─── THE DATA ───

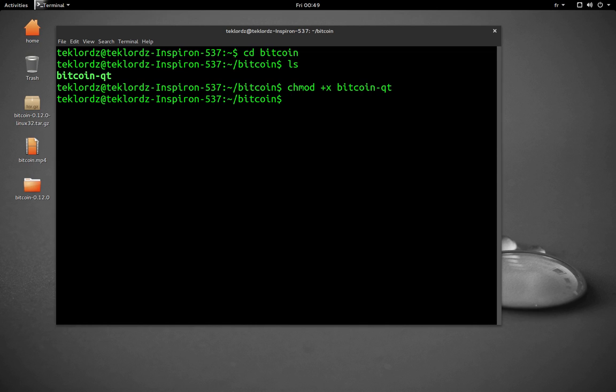Every time you need to launch it, you just open your terminal and you navigate to the Bitcoin folder wherever it is in your computer.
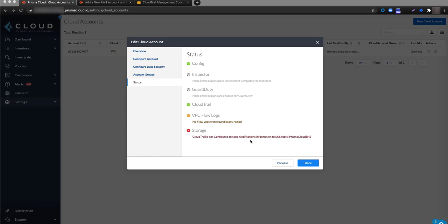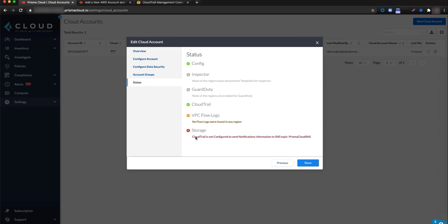If you've onboarded your AWS account with the data security feature enabled, but you receive a red indication for the status of storage, it may be that you have not configured your CloudTrail logs. The message indicates that CloudTrail is not configured to send notification information to SNS Topic Prisma Cloud SNS. You can rectify this issue by going back into your AWS console and configuring CloudTrail for the SNS Topic Prisma Cloud SNS.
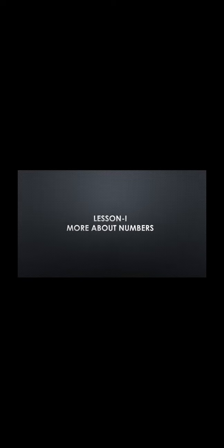Good morning. Today's topic: Cardinal and ordinal numbers.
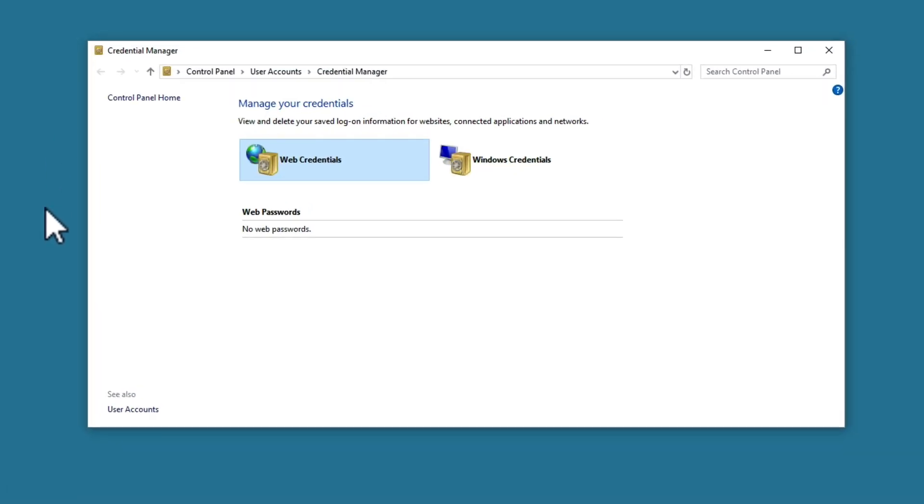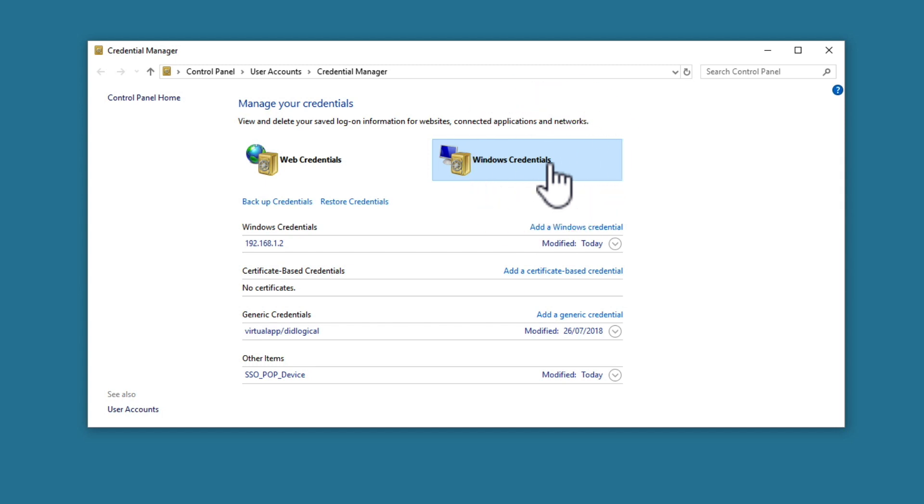When we select Credential Manager, a window will open displaying two icons: Web Credentials and Windows Credentials. By selecting Windows Credentials, we are presented with a list of all of the login information that Windows uses to connect to either applications or networks.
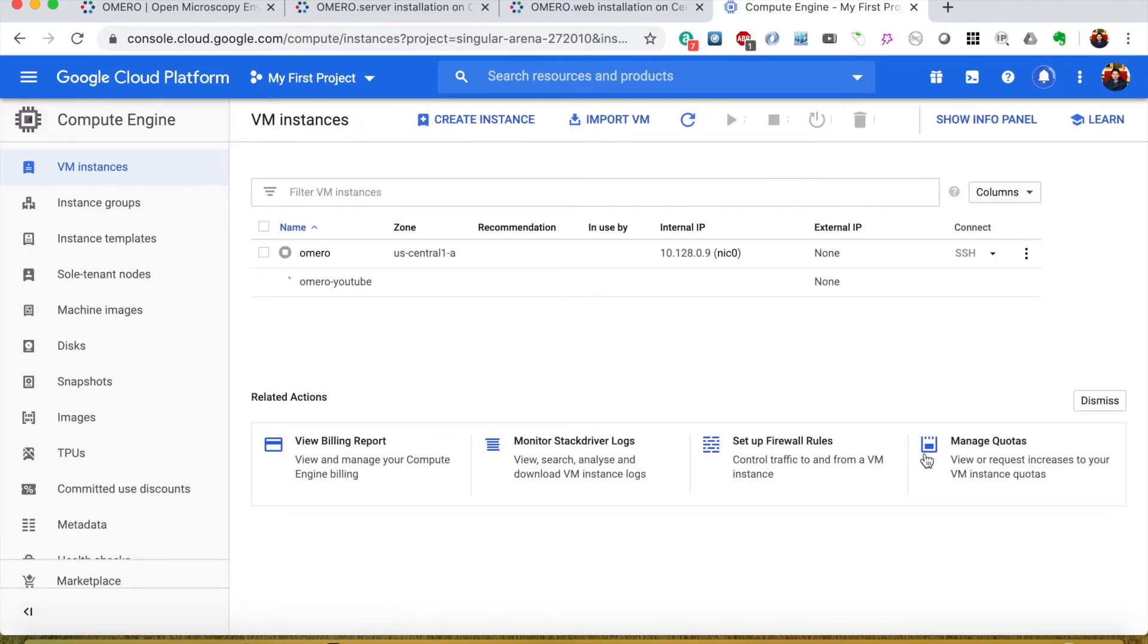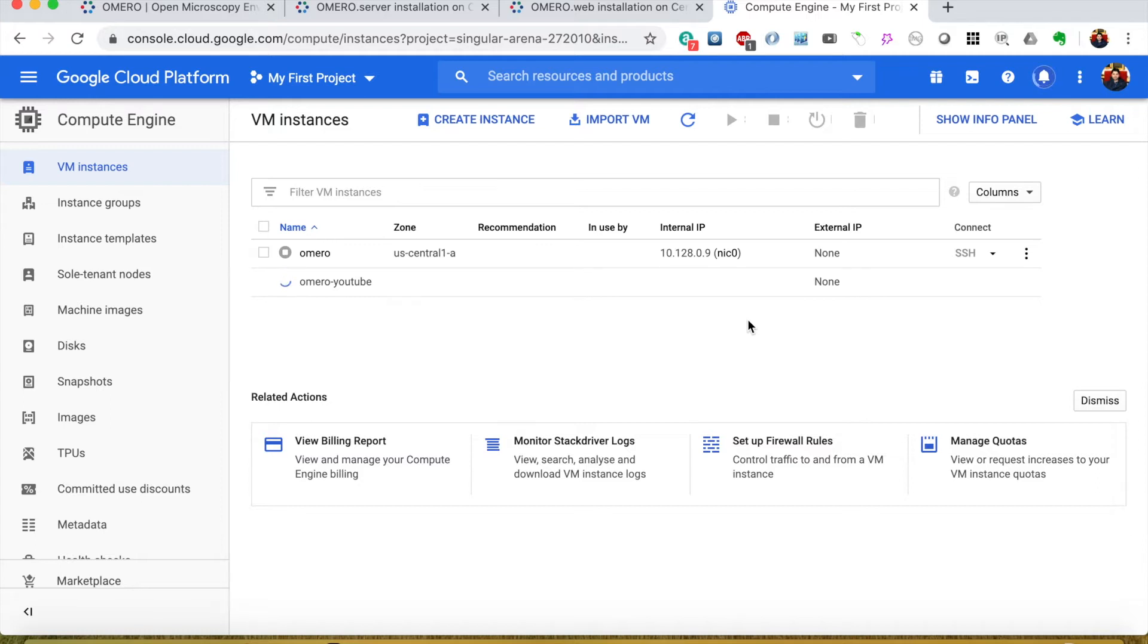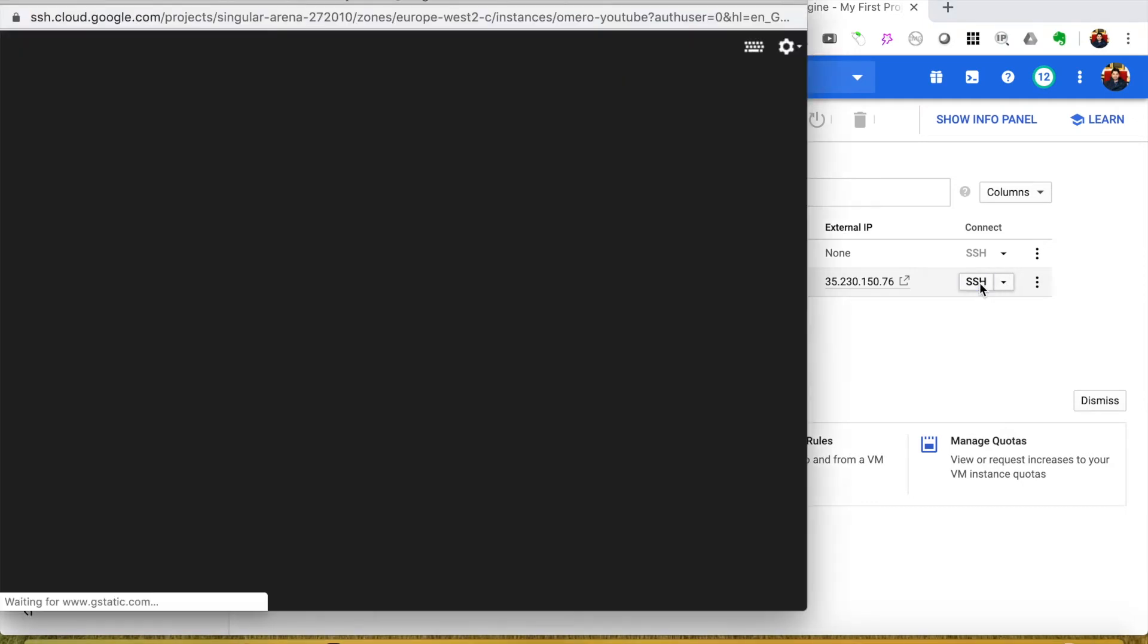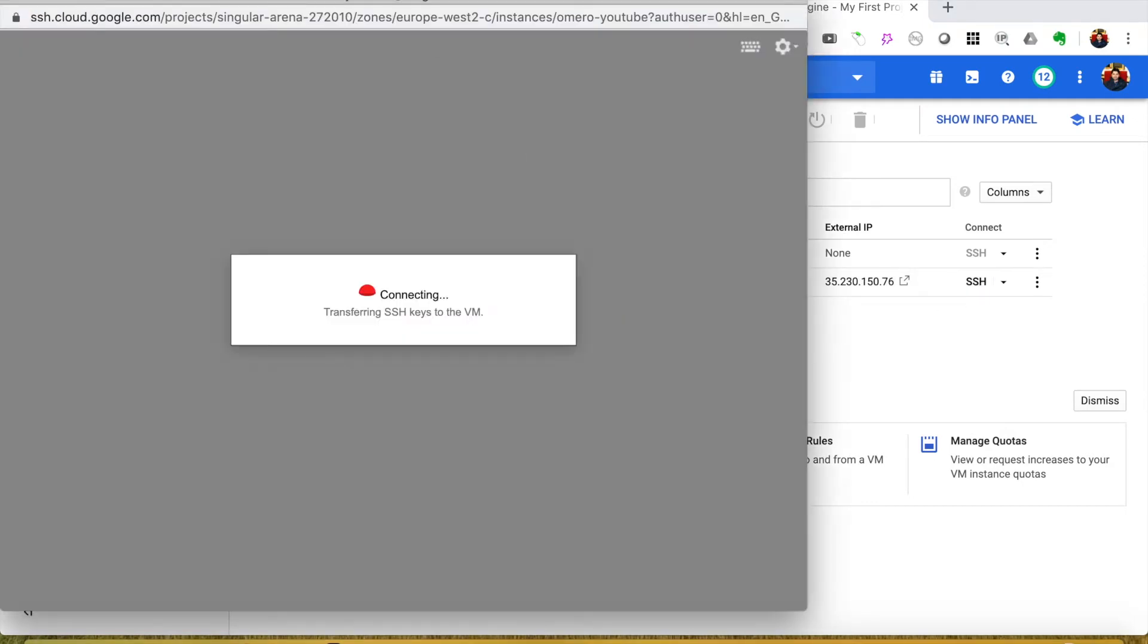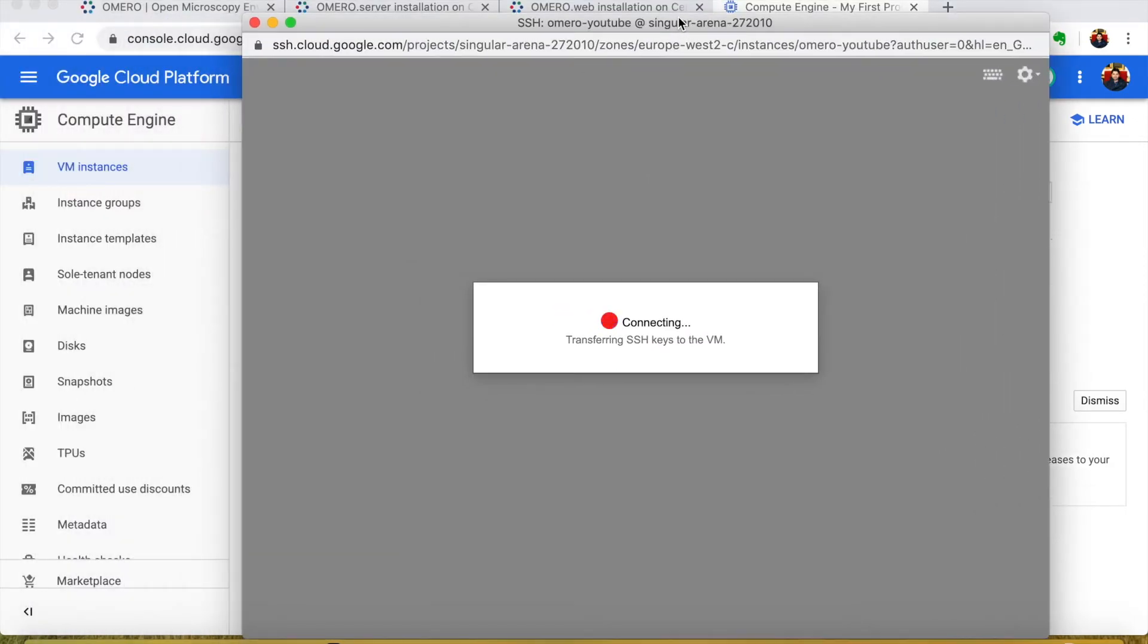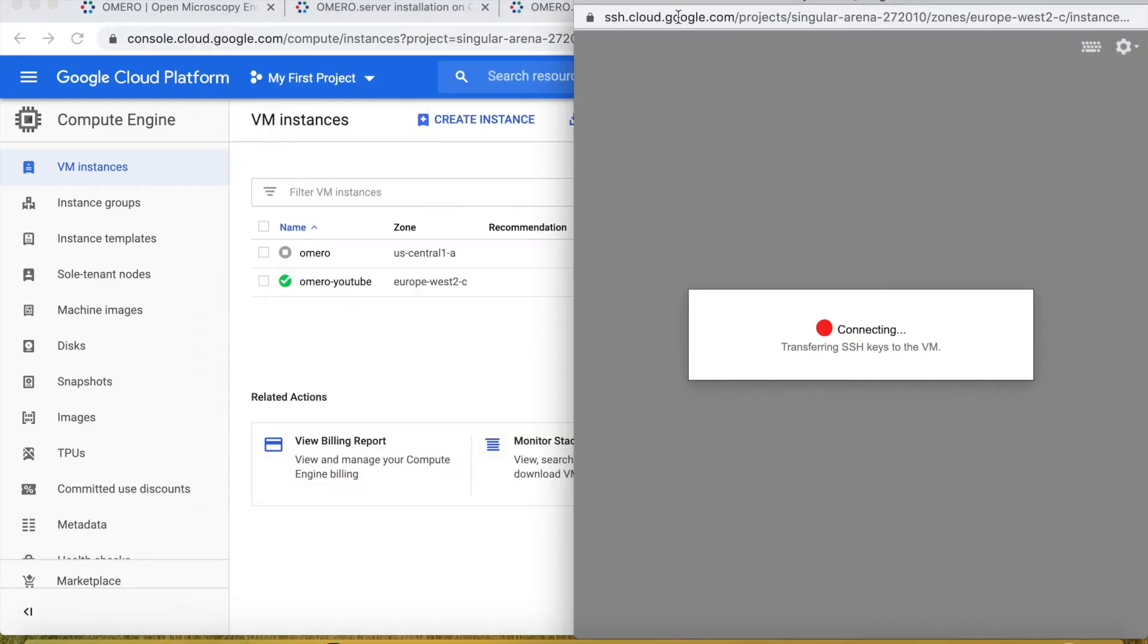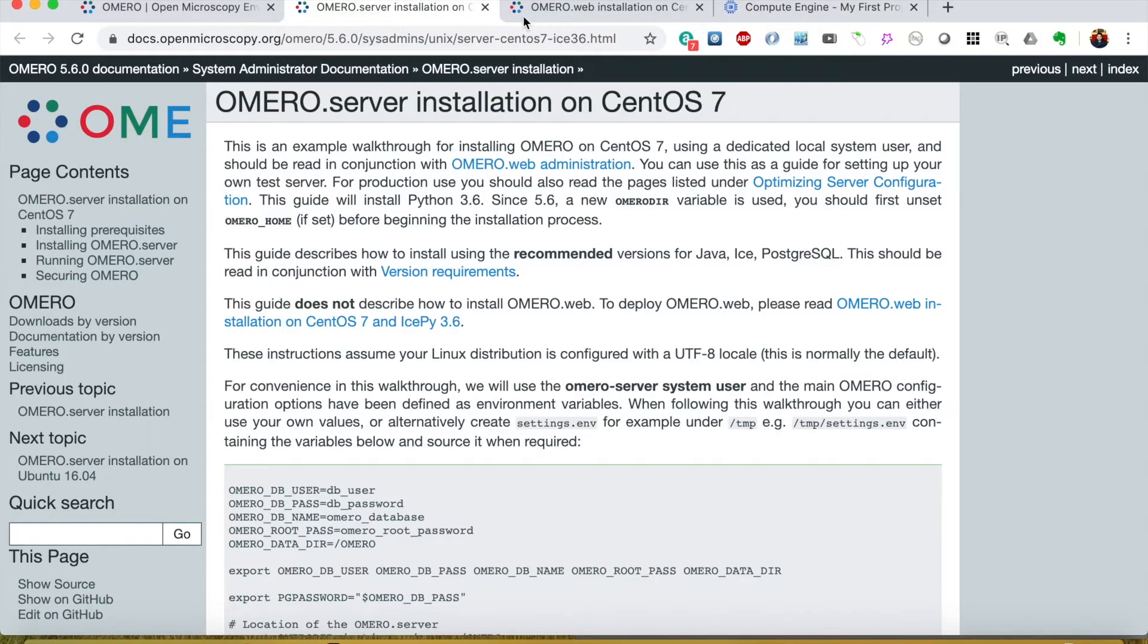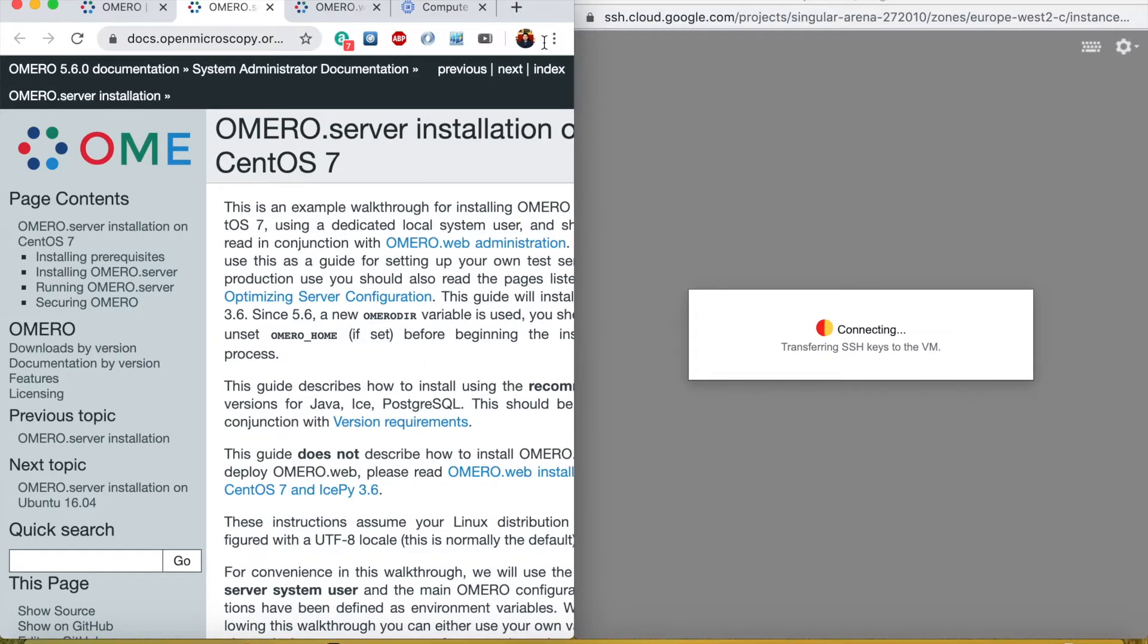It's creating OMERO YouTube and once it is done we will log into SSH. Now click the SSH and let's follow this guide.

───

> _EXERCISE DESCRIPTION_:
When you retype the data above, match every line exactly and leave the pictures behind.

> _EXERCISE SOLUTION_:
Every time you need to launch it, you just open your terminal and you navigate to the Bitcoin folder wherever it is in your computer.
If you've onboarded your AWS account with the data security feature enabled, but you receive a red indication for the status of storage, it may be that you have not configured your CloudTrail logs. The message indicates that CloudTrail is not configured to send notification information to SNS Topic Prisma Cloud SNS. You can rectify this issue by going back into your AWS console and configuring CloudTrail for the SNS Topic Prisma Cloud SNS.
Good morning. Today's topic: Cardinal and ordinal numbers.
When we select Credential Manager, a window will open displaying two icons: Web Credentials and Windows Credentials. By selecting Windows Credentials, we are presented with a list of all of the login information that Windows uses to connect to either applications or networks.
It's creating OMERO YouTube and once it is done we will log into SSH. Now click the SSH and let's follow this guide.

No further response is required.